What to produce:
In the records below, find the line that contains "Armine Trend Monogram Şal 2-140 - Gri" and the line that contains "The detailed map", then retype exactly those two lines and every line between them.

#### Dataset records ####

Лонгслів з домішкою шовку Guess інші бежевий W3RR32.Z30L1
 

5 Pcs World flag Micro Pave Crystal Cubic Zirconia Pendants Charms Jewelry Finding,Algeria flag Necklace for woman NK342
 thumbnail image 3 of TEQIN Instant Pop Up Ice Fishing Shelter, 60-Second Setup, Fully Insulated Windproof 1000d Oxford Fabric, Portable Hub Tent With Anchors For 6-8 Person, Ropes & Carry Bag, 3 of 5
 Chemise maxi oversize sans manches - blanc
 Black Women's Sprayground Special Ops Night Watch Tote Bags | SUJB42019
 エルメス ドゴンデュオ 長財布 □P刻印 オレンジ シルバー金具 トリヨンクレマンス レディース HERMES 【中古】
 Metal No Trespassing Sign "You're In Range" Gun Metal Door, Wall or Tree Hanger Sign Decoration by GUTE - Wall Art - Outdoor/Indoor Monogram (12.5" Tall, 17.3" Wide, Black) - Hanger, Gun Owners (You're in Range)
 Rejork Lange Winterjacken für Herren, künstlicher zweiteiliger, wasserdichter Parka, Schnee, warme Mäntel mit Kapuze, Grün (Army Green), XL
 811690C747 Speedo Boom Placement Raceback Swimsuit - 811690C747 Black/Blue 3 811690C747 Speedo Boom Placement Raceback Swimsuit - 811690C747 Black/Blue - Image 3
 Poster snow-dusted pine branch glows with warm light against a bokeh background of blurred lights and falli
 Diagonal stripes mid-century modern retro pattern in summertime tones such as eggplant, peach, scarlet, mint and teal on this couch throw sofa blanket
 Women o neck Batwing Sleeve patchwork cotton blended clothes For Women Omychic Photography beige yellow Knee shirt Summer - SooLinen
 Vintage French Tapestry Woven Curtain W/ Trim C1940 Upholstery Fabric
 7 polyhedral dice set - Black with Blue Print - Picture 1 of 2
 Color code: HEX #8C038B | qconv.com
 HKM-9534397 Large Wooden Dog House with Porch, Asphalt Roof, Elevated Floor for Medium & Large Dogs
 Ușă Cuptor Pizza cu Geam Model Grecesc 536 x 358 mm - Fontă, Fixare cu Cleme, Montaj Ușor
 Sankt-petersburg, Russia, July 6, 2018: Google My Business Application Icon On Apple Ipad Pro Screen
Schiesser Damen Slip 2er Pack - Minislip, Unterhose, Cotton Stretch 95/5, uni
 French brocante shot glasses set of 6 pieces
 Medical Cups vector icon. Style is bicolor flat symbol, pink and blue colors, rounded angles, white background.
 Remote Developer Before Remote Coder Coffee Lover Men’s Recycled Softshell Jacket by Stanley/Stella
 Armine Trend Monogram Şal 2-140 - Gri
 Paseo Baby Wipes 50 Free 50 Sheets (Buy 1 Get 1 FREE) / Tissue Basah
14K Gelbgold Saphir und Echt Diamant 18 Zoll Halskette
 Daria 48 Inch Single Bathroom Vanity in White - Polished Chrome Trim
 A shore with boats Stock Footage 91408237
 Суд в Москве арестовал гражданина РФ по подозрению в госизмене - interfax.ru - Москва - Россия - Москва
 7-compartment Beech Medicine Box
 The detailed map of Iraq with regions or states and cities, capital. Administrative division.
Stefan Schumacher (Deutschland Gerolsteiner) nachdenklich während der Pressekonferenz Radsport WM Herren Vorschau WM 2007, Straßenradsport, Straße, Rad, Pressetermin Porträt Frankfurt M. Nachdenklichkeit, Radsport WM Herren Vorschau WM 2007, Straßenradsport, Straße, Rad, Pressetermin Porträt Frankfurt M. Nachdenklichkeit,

####

Task answer:
 Armine Trend Monogram Şal 2-140 - Gri
 Paseo Baby Wipes 50 Free 50 Sheets (Buy 1 Get 1 FREE) / Tissue Basah
14K Gelbgold Saphir und Echt Diamant 18 Zoll Halskette
 Daria 48 Inch Single Bathroom Vanity in White - Polished Chrome Trim
 A shore with boats Stock Footage 91408237
 Суд в Москве арестовал гражданина РФ по подозрению в госизмене - interfax.ru - Москва - Россия - Москва
 7-compartment Beech Medicine Box
 The detailed map of Iraq with regions or states and cities, capital. Administrative division.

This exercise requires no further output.